# How many plants do I put in 55 gallon?



## sinthesis (May 23, 2012)

Hi! I thought this was going to be a simple thing to find online but I'm having trouble. My tank is cycling and next I will plant. I've read many places to plant a bunch at once, not to do it here and there. I realize they will grow so I don't need the instant gratification (and expense) of making it look amazing immediately. Just want to see how many I should consider starting with, so I can figure out what to get and where (suggestions of stores are more than welcome)!

I'm doing low light, low tech. I have a 55 gallon tank with eco complete black substrate and a dual T5NO bulb, and I can also add the two stock 17 watt if need be. Don't want to fool with CO2. This will be my first "real" fish tank, and first plant experience.

Plan on keeping cories, a betta, some little tetras to start. 

Thanks so much in advance!


----------



## The Trigger (May 9, 2012)

Best to plant heavily from the very start. You don't have to over do it because everything will grow in. Try for at least 50% coverage of the substrate with plants from the start. Fast growing stem plants are best. This will also help reduce the high ammonia, nitrite and nitrate levels during the cycling process


----------



## TheNamelessPoet (May 17, 2012)

You might get sucked into co2 like I did... once you get started the plants growing gets super addicting. And you can do a co2 setup for aboutr $10 yourself (for a 55).
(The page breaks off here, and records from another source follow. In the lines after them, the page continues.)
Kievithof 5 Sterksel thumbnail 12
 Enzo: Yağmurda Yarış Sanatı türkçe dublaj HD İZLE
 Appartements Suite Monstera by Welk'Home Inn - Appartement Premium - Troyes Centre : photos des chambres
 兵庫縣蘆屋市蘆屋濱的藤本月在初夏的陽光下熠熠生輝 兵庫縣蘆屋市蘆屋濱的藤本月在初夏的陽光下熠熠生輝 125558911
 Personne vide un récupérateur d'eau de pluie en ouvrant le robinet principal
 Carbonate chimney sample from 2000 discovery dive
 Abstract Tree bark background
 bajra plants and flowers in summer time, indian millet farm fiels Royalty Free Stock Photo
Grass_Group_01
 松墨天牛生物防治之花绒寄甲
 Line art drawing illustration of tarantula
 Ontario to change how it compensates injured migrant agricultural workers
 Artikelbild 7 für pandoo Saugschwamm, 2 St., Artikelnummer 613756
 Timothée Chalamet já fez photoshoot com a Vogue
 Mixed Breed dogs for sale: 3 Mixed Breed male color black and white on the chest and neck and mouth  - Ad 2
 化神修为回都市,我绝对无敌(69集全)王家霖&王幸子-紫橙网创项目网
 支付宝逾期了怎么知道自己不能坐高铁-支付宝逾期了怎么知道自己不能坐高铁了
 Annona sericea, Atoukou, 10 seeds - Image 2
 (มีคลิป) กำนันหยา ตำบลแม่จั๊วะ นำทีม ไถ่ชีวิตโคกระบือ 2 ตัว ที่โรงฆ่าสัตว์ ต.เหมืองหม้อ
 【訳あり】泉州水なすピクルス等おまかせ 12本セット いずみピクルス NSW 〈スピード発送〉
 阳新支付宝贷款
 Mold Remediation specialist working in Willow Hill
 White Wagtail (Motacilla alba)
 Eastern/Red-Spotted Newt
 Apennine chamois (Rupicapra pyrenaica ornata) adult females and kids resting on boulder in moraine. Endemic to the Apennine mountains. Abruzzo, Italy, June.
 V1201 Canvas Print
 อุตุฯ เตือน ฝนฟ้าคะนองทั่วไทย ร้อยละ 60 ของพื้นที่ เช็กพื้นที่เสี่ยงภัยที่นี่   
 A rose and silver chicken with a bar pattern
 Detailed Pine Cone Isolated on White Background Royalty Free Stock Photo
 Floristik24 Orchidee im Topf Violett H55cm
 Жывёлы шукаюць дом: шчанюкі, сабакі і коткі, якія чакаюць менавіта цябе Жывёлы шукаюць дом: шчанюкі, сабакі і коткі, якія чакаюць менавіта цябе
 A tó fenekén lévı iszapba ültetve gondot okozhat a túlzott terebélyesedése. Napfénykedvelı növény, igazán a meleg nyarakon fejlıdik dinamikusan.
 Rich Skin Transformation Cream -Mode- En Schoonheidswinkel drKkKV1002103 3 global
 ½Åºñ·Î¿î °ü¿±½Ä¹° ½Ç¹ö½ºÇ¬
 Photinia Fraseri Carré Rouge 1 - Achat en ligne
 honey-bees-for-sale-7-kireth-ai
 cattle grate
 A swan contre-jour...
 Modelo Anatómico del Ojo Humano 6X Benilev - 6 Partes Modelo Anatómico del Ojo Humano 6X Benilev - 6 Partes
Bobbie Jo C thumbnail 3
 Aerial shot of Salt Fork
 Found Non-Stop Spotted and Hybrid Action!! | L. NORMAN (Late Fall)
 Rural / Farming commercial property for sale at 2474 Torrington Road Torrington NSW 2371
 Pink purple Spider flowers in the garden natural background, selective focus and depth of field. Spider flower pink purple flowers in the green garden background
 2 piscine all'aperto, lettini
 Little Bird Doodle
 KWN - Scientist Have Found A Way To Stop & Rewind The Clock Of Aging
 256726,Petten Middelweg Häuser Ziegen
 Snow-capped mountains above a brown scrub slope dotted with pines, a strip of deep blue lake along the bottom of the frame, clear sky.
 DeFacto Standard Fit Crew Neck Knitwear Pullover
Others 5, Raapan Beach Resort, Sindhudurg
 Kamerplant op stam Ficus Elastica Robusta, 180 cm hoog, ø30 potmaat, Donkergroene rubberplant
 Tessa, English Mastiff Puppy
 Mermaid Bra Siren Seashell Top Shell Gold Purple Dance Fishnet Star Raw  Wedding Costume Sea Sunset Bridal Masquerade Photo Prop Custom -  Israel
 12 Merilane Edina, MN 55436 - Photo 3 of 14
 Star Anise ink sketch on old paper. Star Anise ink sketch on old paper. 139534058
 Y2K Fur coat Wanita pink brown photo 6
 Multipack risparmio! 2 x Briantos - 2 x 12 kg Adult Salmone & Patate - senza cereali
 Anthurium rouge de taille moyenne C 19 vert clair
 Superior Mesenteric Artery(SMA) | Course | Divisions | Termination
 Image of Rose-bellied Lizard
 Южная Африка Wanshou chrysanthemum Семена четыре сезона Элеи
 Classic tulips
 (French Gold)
I had SOOOOO much better luck fighting algae once i started the co2


----------



## sinthesis (May 23, 2012)

Thanks, guys. I was looking at a plant package from this one site, for a 40-55 gal they send 40+ plants for $98, free shipping. I thought that sounded crazy, and way too many plants, but after seeing how much they are in stores (about $5 each) that's like half price if I'm doing the math right. Maybe I could get by with a smaller package. I can't picture what 50% coverage would be. It's freshwateraquariumplants.com if you guys have any experience with them.


----------



## BBradbury (Nov 8, 2010)

*Your Planted Tank*



sinthesis said:


> Hi! I thought this was going to be a simple thing to find online but I'm having trouble. My tank is cycling and next I will plant. I've read many places to plant a bunch at once, not to do it here and there. I realize they will grow so I don't need the instant gratification (and expense) of making it look amazing immediately. Just want to see how many I should consider starting with, so I can figure out what to get and where (suggestions of stores are more than welcome)!
> 
> I'm doing low light, low tech. I have a 55 gallon tank with eco complete black substrate and a dual T5NO bulb, and I can also add the two stock 17 watt if need be. Don't want to fool with CO2. This will be my first "real" fish tank, and first plant experience.
> 
> ...


Hello sin...

Low light, low tech is pretty simple. You have three levels of planting: foreground (front), midground (middle) and background (back one-third of the tank).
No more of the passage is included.